A fresh blog for a fresh new start, I suppose. Clearing things out of the house to sell it. It seems a little depressing watching all my stuff come down to put fresh new paint up and all. Selling this house means a new begining for another part of my life.
A new life either here in the same area or in another part of the world. The children are at a place now where they are wanting to stay here. This is house is all they have ever known, really. The younger two learned to crawl, walk and talk here. The youngest was born here! The oldest, Moira, never remembers living in Texas or any of our life back there. I really do love living here. I call this place my home now. My hometown. I could very easily see myself growing old here in a nice little home somewhere close by. But, alas, my husband and God has other plans. Which fuels my desire to travel and to appreciate home, wherever it may be. That wherever God has us go, as long as I have Him, my husband and my children, I'm happy.

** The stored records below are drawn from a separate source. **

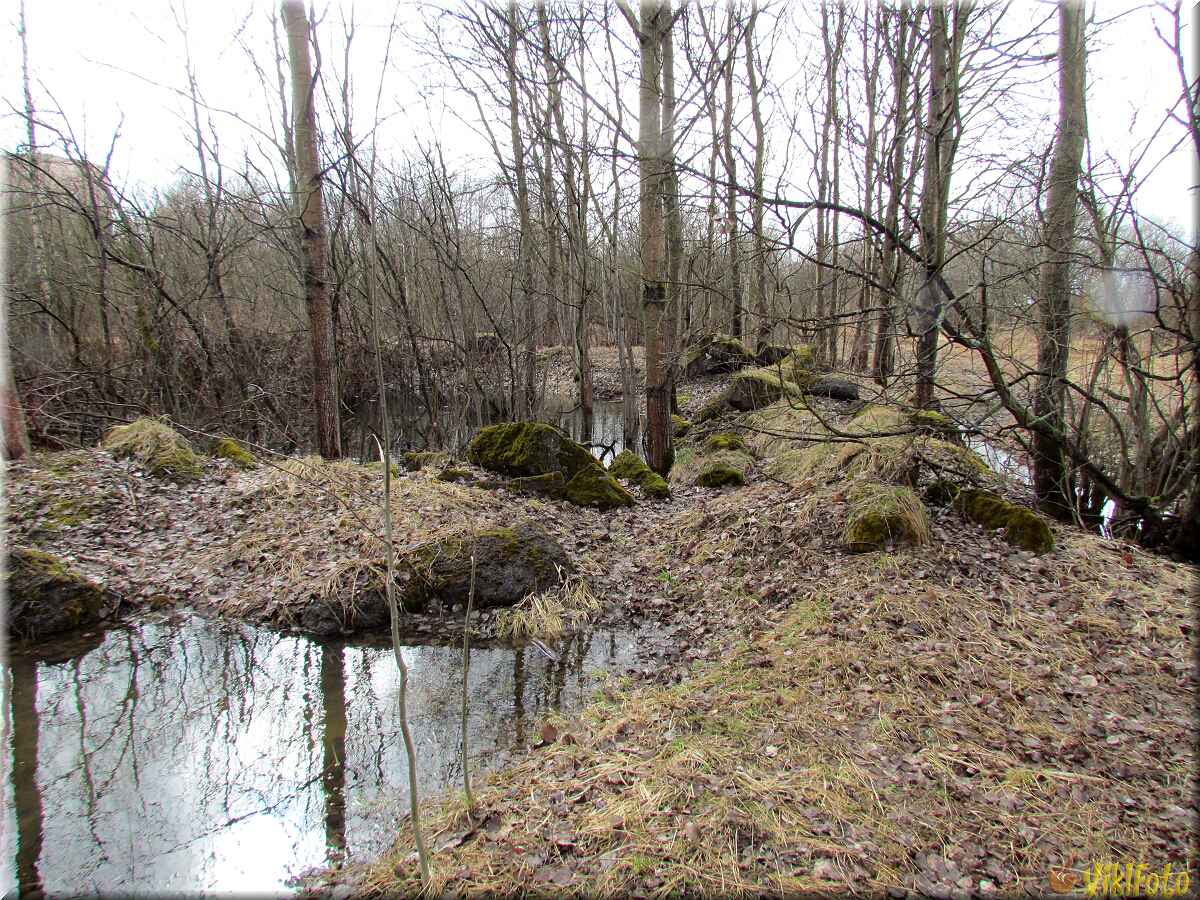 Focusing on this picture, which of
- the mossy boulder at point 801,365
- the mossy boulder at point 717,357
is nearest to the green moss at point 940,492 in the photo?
the mossy boulder at point 801,365

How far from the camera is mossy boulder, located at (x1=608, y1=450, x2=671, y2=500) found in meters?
8.16

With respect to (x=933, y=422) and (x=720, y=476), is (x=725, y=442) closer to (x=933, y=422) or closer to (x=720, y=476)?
(x=720, y=476)

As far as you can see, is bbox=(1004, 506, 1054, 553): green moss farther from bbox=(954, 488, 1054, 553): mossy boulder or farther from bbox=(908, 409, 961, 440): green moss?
bbox=(908, 409, 961, 440): green moss

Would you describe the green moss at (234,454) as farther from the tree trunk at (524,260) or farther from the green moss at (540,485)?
the tree trunk at (524,260)

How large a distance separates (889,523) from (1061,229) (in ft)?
9.12

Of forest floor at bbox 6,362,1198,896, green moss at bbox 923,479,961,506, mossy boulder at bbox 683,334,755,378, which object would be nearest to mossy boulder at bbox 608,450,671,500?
forest floor at bbox 6,362,1198,896

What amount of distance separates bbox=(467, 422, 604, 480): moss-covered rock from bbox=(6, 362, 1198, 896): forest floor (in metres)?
1.35

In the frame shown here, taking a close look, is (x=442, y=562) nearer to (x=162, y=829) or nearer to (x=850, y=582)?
(x=162, y=829)

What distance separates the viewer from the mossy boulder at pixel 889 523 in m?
5.18

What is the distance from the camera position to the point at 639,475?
28.3 ft

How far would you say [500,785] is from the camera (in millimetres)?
3258

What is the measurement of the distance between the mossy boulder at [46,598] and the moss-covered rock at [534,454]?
4102 mm

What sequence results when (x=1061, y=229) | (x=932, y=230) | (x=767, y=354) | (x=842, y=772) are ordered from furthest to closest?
(x=767, y=354) < (x=1061, y=229) < (x=932, y=230) < (x=842, y=772)

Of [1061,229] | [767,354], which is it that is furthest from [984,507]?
[767,354] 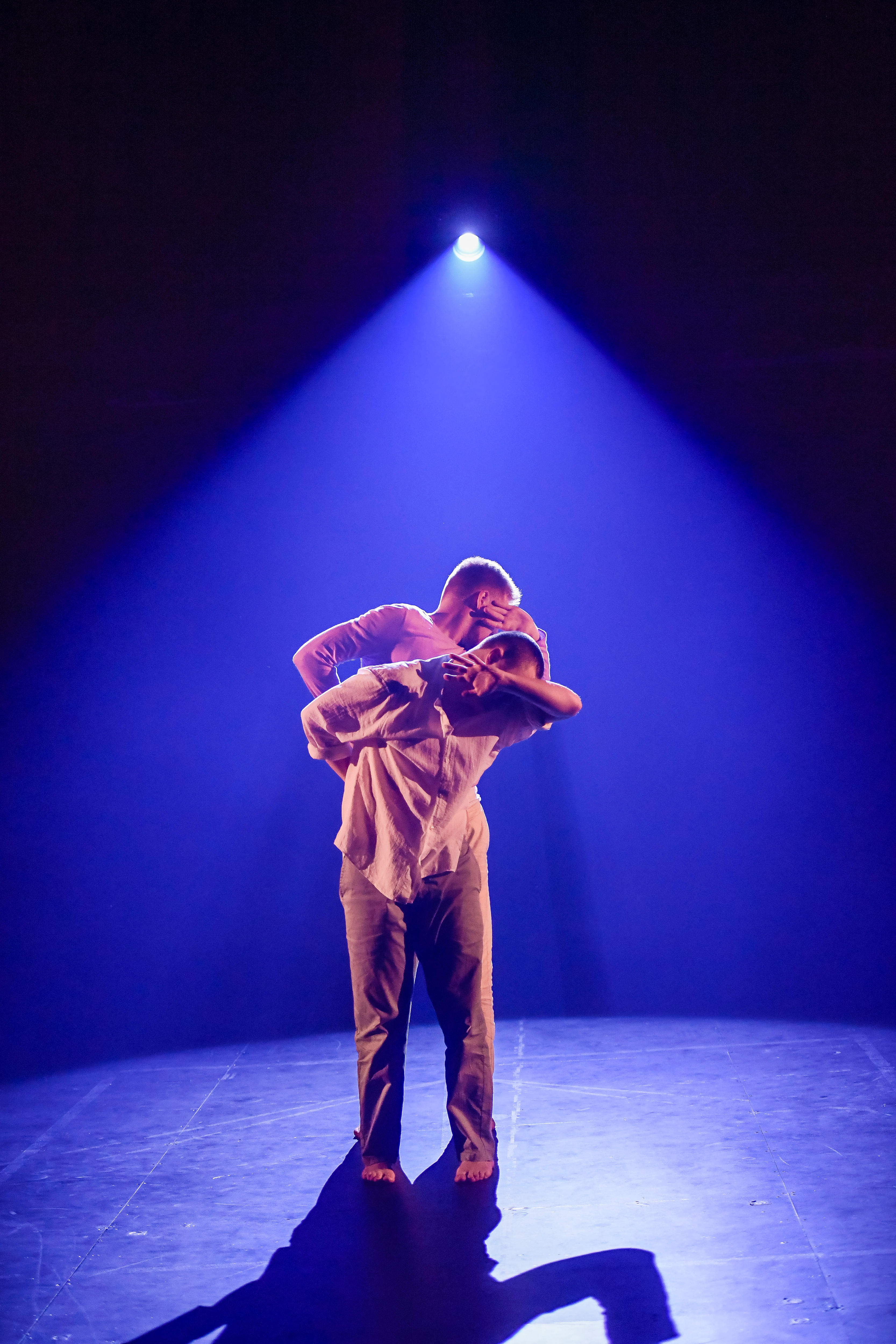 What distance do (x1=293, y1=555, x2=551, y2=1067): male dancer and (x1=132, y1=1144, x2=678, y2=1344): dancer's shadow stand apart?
654mm

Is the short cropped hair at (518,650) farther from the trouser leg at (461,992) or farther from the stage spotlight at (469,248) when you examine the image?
the stage spotlight at (469,248)

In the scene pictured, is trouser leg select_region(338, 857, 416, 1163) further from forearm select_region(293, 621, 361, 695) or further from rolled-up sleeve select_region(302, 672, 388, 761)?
forearm select_region(293, 621, 361, 695)

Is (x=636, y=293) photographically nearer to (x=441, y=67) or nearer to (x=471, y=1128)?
(x=441, y=67)

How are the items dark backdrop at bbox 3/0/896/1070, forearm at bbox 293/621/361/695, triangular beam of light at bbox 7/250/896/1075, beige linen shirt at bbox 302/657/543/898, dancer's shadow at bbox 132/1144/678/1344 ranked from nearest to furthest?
dancer's shadow at bbox 132/1144/678/1344, beige linen shirt at bbox 302/657/543/898, forearm at bbox 293/621/361/695, dark backdrop at bbox 3/0/896/1070, triangular beam of light at bbox 7/250/896/1075

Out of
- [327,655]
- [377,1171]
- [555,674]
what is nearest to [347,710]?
[327,655]

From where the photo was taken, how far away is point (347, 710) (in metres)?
2.28

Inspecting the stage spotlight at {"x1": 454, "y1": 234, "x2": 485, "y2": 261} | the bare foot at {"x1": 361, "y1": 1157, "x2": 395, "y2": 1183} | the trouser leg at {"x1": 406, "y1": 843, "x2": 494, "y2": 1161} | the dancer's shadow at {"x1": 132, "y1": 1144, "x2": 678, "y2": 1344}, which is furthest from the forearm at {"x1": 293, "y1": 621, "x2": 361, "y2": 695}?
the stage spotlight at {"x1": 454, "y1": 234, "x2": 485, "y2": 261}

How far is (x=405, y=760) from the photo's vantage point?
2.35m

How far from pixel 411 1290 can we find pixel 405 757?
1.00 m

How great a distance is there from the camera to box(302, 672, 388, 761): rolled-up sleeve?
2271 mm

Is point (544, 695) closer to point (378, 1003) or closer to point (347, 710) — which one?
point (347, 710)

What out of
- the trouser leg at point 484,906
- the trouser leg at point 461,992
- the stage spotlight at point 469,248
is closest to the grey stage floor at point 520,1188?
the trouser leg at point 461,992

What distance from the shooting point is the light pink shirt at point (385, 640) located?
267 cm

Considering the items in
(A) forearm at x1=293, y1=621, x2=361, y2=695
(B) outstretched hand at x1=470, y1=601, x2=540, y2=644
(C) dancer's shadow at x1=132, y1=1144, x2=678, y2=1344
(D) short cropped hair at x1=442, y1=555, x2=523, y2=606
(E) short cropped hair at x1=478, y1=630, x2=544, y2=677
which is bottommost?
(C) dancer's shadow at x1=132, y1=1144, x2=678, y2=1344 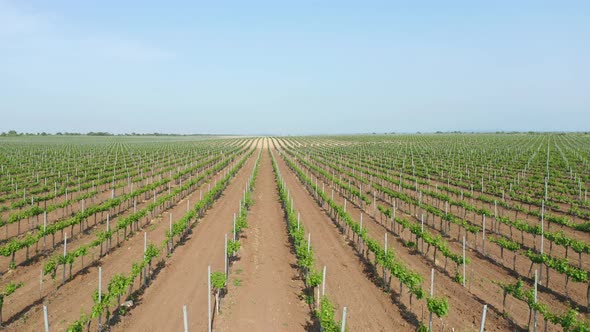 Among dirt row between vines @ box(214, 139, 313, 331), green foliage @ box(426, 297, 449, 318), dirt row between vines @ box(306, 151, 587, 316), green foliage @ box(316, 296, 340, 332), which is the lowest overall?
dirt row between vines @ box(214, 139, 313, 331)

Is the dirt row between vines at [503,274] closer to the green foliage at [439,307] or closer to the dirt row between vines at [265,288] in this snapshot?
the green foliage at [439,307]

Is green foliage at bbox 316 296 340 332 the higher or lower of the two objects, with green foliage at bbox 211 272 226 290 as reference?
lower

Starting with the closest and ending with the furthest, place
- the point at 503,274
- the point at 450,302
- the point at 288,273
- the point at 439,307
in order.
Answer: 1. the point at 439,307
2. the point at 450,302
3. the point at 503,274
4. the point at 288,273

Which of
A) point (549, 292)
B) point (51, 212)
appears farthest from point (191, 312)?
point (51, 212)

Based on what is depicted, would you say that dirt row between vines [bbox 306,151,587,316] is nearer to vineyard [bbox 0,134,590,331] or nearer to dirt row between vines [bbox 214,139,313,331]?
vineyard [bbox 0,134,590,331]

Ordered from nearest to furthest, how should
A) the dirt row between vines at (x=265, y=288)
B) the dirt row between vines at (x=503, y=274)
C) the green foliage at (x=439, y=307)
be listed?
the green foliage at (x=439, y=307) < the dirt row between vines at (x=265, y=288) < the dirt row between vines at (x=503, y=274)

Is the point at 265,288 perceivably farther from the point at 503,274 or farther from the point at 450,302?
the point at 503,274

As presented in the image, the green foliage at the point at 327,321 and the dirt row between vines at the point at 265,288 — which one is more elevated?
the green foliage at the point at 327,321

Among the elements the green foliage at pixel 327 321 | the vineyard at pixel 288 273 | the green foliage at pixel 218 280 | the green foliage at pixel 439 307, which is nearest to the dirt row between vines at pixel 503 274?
the vineyard at pixel 288 273

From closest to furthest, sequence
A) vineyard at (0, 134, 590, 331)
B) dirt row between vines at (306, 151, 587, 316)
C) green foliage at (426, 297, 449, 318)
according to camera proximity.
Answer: green foliage at (426, 297, 449, 318) → vineyard at (0, 134, 590, 331) → dirt row between vines at (306, 151, 587, 316)

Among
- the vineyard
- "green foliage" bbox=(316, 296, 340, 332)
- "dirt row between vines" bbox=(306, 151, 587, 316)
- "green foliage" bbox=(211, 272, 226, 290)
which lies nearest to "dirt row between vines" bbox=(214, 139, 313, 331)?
the vineyard

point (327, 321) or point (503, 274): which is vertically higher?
point (327, 321)

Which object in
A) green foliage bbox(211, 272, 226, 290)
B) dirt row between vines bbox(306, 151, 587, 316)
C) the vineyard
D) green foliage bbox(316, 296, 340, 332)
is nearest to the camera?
green foliage bbox(316, 296, 340, 332)

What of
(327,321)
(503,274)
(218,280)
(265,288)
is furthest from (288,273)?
(503,274) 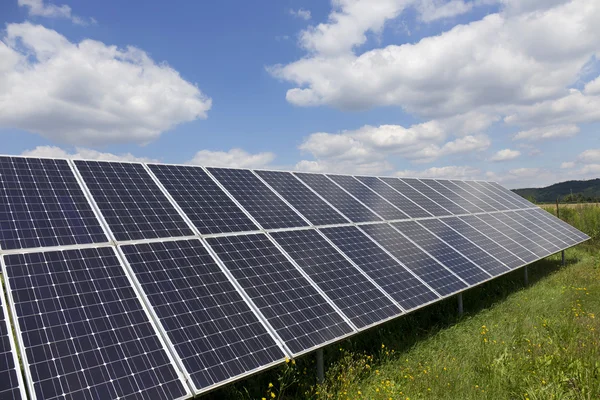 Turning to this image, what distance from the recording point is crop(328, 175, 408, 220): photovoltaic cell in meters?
14.0

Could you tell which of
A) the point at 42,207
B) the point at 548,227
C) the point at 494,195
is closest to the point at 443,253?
the point at 42,207

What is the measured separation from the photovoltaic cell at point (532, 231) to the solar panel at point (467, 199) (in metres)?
0.88

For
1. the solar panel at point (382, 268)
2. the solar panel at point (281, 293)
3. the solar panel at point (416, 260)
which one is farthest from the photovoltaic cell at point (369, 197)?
the solar panel at point (281, 293)

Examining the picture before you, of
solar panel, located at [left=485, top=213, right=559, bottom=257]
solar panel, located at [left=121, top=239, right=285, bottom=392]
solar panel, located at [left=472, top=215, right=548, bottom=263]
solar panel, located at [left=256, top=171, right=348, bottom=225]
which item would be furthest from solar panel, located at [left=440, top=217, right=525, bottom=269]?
solar panel, located at [left=121, top=239, right=285, bottom=392]

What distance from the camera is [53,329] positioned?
5.37 m

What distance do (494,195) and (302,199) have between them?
1609 centimetres

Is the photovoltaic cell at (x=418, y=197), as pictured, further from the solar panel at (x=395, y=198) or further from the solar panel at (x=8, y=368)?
the solar panel at (x=8, y=368)

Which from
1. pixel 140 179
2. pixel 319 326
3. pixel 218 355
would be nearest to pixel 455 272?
pixel 319 326

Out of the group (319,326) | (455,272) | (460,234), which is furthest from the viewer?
(460,234)

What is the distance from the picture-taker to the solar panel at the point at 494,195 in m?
22.3

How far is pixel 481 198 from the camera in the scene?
21.8 meters

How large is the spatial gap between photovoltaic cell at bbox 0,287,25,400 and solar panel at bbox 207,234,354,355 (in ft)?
11.7

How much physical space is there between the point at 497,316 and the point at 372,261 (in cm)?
469

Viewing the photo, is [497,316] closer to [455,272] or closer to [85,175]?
[455,272] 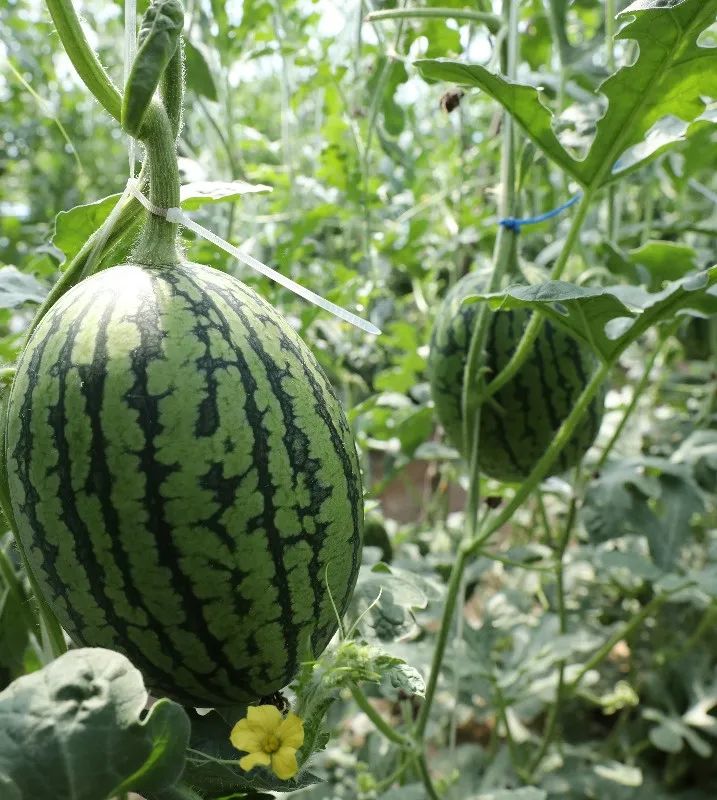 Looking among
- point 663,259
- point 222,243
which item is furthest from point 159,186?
point 663,259

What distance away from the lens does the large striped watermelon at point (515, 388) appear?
1.53 meters

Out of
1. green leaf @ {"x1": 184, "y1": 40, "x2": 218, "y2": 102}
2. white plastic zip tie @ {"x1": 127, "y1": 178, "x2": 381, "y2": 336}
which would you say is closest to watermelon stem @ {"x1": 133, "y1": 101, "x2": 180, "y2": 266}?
white plastic zip tie @ {"x1": 127, "y1": 178, "x2": 381, "y2": 336}

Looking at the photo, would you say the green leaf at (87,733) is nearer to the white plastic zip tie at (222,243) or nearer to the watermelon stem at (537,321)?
the white plastic zip tie at (222,243)

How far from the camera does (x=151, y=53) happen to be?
67 centimetres

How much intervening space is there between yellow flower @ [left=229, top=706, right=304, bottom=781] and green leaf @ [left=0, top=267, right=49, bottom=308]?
737 mm

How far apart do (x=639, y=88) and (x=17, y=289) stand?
3.02 ft

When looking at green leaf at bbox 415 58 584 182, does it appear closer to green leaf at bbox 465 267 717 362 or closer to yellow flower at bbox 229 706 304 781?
green leaf at bbox 465 267 717 362

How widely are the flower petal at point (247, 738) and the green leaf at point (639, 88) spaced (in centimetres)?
80

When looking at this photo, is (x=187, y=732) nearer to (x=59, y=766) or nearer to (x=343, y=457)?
(x=59, y=766)

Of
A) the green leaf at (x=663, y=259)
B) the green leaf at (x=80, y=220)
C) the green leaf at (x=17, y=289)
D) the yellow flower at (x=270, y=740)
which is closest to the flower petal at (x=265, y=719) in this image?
the yellow flower at (x=270, y=740)

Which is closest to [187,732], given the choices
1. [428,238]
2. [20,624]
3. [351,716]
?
[20,624]

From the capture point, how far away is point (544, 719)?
3188 millimetres

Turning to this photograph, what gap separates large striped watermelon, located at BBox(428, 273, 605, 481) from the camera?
1.53 m

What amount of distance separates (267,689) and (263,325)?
362 mm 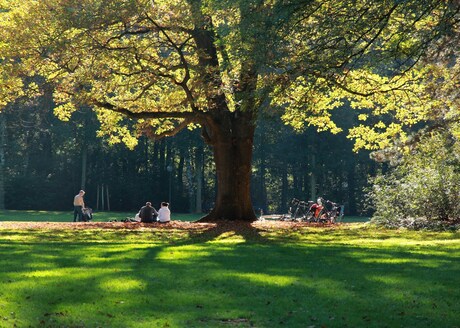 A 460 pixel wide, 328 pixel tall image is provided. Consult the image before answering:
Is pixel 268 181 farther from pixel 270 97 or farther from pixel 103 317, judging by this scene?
pixel 103 317

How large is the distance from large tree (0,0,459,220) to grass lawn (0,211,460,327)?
3526 mm

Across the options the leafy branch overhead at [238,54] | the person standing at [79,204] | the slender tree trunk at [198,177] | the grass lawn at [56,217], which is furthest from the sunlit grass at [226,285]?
the slender tree trunk at [198,177]

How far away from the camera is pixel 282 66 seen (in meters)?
15.3

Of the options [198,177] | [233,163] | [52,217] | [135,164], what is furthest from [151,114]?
[135,164]

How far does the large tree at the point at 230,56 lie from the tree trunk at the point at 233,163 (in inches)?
1.5

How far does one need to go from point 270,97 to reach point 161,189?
40903 millimetres

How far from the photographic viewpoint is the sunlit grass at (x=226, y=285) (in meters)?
8.52

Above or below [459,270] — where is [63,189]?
above

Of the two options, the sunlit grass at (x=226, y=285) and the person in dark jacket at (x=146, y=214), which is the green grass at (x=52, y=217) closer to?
the person in dark jacket at (x=146, y=214)

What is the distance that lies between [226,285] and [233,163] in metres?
15.8

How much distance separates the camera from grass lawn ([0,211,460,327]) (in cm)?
852

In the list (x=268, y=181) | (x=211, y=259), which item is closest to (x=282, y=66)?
(x=211, y=259)

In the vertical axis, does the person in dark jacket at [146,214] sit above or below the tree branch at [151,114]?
below

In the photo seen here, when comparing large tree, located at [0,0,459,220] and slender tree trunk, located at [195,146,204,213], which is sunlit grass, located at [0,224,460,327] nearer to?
large tree, located at [0,0,459,220] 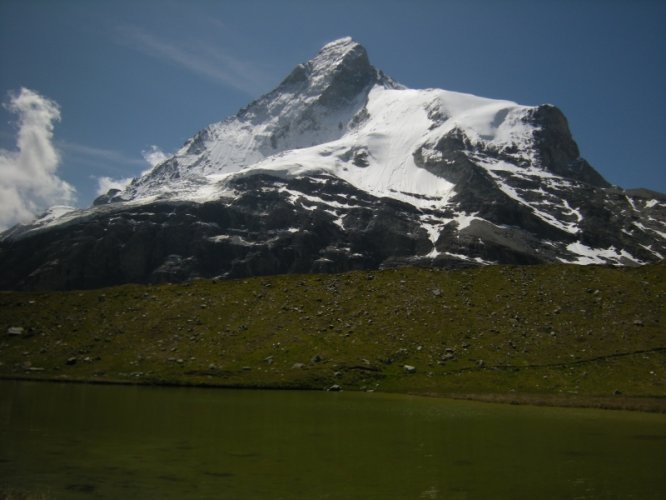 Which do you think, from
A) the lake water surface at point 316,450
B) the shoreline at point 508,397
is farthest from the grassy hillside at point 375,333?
the lake water surface at point 316,450

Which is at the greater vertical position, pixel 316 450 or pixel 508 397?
pixel 508 397

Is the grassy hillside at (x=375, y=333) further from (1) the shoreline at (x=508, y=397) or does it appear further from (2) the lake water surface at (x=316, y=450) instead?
(2) the lake water surface at (x=316, y=450)

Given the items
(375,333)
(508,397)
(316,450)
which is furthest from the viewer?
(375,333)

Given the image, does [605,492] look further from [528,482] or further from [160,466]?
[160,466]

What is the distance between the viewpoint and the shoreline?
143ft

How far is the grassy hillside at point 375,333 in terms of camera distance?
5362cm

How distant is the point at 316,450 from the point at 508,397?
26.7 meters

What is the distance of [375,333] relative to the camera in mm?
63062

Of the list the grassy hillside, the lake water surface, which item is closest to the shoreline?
the grassy hillside

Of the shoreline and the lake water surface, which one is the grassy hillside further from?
the lake water surface

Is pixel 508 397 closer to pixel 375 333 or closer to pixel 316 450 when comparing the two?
pixel 375 333

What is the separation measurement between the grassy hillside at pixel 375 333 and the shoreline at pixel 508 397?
527 millimetres

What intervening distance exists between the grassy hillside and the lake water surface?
41.6ft

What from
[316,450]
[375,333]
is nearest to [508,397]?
[375,333]
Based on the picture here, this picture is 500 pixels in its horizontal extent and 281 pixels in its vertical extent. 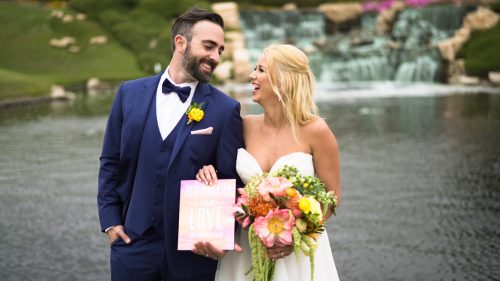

I've been learning lately to depend more and more on God. That He wants a relationship with me and not just a parent/toddler kind of one. Know what I mean? God's been showing me how very imperfect I am and how much I really need to rely on His grace and mercy to get through every hour of each day. Truthfully though, I feel like I haven't been doing such a great job but I hope each day will find me closer to Him and in then closer to my husband.
Anyhow, I better sign off. . . . my first blog in years is very scattered but I hope to get more cohesion as time goes on!